核心风险：模型学到城市纹理和标注风格，而不是类别本身。  
报告指标：ID mIoU、OOD mIoU、relative drop、per-class drop、spatial calibration。

### S2 跨国家 / 跨气候带

定义：测试区跨国家、洲、气候带或生态区。  
候选数据：PANGAEA 中的全球任务、BigEarthNet/EuroSAT/FMoW-WILDS、作物/土地覆盖全球产品。  
核心风险：欧美或少数区域数据主导训练，热带、干旱区、高纬地区表现不稳。  
报告指标：macro-region 平均、worst-region performance、climate-zone gap、样本量校正后的 gap。

### S3 跨季节 / 跨时间窗口

定义：训练和测试季节、年份或灾害阶段不同。  
候选数据：DynamicEarthNet、作物时间序列、建筑/土地覆盖年度产品、灾害前后影像。  
核心风险：模型把季节颜色变化当类别变化，或把灾害后阴影/烟雾当目标。  
报告指标：seasonal robustness、year-to-year transfer、temporal consistency、change false positive rate。

### S4 跨 GSD / 空间尺度

定义：训练和测试影像的地面采样距离、对象像素大小或 tile 尺寸不同。  
候选数据：PANGAEA 多分辨率任务、DOTA/DIOR/xView/FAIR1M 的跨数据集检测、NAIP vs Sentinel-2/Planet。  
核心风险：小目标在低分辨率下消失，高分辨率下类别内部纹理变复杂。  
报告指标：GSD-binned performance、object-size binned AP/IoU、scale robustness slope。

### S5 跨传感器 / 谱段响应

定义：训练和测试传感器不同，含 band 数量、中心波长、响应函数、辐射处理级别差异。  
候选数据：Sentinel-2/Landsat/HLS，Copernicus-Bench，Prithvi/DOFA/Copernicus-FM 支持的数据。  
核心风险：模型把传感器特有色彩、噪声、云掩膜和分辨率当类别特征。  
报告指标：sensor-pair transfer matrix、missing-band robustness、spectral response sensitivity。

### S6 真实扰动 / 成像质量

定义：云、薄雾、模糊、压缩、旋转、尺度变化、传感器噪声、几何错位。  
候选数据：REOBench。  
核心风险：corruption robustness 不等价于真实 OOD，但能定位模型对低层扰动的脆弱性。  
报告指标：corruption mCE、severity curve、task-specific degradation、clean-vs-corrupt calibration shift。

## 5. 模型比较组

### A. 传统监督模型

用途：判断 GeoFM 是否真正带来 OOD 鲁棒性，而不是只提升 ID 精度。  
候选：UNet、DeepLabV3+、SegFormer、Swin/UPerNet、Faster/Mask R-CNN、YOLO/Oriented R-CNN。  
设置：统一数据增强、统一训练 epoch、统一输入分辨率，避免 GFM 享受额外数据但监督 baseline 不公平。

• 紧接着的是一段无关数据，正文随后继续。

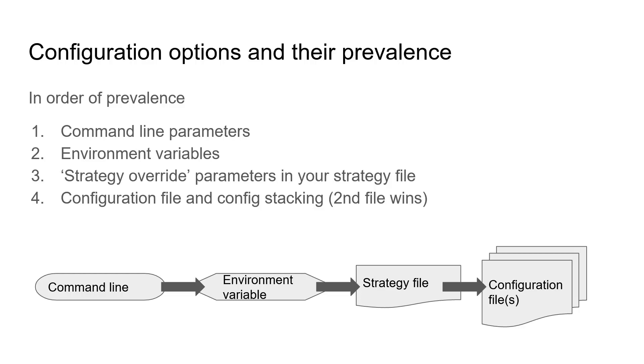The third option to pass on configuration parameters to FreqTrade is by using the strategy file. However, not all parameters can be set within the strategy file. Only those that are marked with strategy overwrite in the documentation. Those parameters can also be part of your strategy as well. So an example is your stop loss parameter. If you set a generic stop loss in your configuration file and you have a slightly tighter stop loss in your strategy then that will overwrite the one that is generic in the configuration file.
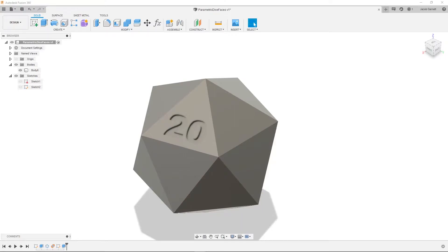Hello everyone, so today's video should be a pretty short one. We're going over how to parametrically add text onto dice.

### B. 通用视觉 foundation model

用途：回答 EarthShift 中提出的关键问题：GeoFM 的鲁棒性是否显著超过 generic VFM。  
候选：DINOv2、MAE/ViT、CLIP/OpenCLIP、SAM features。  
设置：frozen linear probe、full fine-tune、adapter fine-tune 三套。

### C. Geospatial foundation model

用途：主比较对象。  
候选：Prithvi-EO-2.0、SkySense、Clay、SatMAE/SatMAE++、Scale-MAE、DOFA、Copernicus-FM、Galileo/TerraMind/AlphaEarth embeddings（按可得权重和许可选择）。  
设置：linear probe、full fine-tune、LoRA/adapter；同时记录预训练数据覆盖和是否可能与测试区域重叠。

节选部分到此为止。